● **ACTION ITEM**
Once the line containing "Load image into" is found in the entries below, restate it and each following line word for word, stopping after the line containing "Tired of battling".
━━━━━━━━━━━━━━━━
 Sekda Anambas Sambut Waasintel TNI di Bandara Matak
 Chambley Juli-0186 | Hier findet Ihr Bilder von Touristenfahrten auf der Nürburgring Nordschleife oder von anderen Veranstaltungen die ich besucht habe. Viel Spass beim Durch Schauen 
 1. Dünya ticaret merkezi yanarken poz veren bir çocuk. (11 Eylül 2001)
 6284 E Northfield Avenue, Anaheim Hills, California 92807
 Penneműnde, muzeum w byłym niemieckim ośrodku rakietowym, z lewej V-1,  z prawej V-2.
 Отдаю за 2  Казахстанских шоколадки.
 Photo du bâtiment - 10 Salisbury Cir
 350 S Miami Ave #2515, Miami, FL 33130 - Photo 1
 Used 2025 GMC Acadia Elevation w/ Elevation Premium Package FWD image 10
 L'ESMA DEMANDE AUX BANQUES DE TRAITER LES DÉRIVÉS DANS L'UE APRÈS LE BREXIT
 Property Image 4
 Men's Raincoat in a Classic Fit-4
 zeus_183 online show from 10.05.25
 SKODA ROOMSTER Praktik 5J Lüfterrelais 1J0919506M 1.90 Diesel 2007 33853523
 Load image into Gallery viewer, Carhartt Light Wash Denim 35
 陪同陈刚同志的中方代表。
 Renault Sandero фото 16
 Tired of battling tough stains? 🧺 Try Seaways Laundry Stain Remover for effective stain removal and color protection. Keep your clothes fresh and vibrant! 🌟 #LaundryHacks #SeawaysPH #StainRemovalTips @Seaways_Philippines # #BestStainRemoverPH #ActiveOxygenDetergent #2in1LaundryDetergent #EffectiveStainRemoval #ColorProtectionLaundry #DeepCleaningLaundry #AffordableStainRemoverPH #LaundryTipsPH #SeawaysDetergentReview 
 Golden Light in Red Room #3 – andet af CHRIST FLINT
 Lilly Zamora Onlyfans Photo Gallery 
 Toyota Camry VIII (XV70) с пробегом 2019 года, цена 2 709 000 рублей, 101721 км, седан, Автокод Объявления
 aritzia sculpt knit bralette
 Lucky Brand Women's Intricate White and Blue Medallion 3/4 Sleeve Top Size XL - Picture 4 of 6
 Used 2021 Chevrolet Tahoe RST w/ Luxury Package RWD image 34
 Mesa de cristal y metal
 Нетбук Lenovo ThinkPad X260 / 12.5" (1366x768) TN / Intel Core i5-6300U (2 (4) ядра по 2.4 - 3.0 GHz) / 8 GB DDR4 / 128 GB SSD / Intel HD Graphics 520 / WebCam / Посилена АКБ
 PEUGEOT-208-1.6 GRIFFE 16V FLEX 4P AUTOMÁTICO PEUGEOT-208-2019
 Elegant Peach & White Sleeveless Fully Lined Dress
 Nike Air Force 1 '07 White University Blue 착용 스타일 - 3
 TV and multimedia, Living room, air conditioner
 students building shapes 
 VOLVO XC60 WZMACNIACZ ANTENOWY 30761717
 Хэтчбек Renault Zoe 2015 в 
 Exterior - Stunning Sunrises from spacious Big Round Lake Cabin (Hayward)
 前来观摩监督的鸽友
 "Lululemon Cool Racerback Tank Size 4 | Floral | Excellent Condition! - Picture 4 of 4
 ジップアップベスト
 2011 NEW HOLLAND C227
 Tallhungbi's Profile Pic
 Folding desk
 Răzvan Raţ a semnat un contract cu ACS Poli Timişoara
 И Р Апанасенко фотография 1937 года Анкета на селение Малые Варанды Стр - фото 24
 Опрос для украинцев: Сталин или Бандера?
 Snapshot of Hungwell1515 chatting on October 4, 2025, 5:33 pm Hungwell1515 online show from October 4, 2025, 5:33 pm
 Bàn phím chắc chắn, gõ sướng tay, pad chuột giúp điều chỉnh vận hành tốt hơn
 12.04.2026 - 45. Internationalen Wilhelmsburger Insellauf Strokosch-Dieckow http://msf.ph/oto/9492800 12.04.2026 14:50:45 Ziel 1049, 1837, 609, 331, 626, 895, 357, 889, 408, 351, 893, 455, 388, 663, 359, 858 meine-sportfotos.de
━━━━━━━━━━━━━━━━
● **REPLY TO THE TASK**
 Load image into Gallery viewer, Carhartt Light Wash Denim 35
 陪同陈刚同志的中方代表。
 Renault Sandero фото 16
 Tired of battling tough stains? 🧺 Try Seaways Laundry Stain Remover for effective stain removal and color protection. Keep your clothes fresh and vibrant! 🌟 #LaundryHacks #SeawaysPH #StainRemovalTips @Seaways_Philippines # #BestStainRemoverPH #ActiveOxygenDetergent #2in1LaundryDetergent #EffectiveStainRemoval #ColorProtectionLaundry #DeepCleaningLaundry #AffordableStainRemoverPH #LaundryTipsPH #SeawaysDetergentReview 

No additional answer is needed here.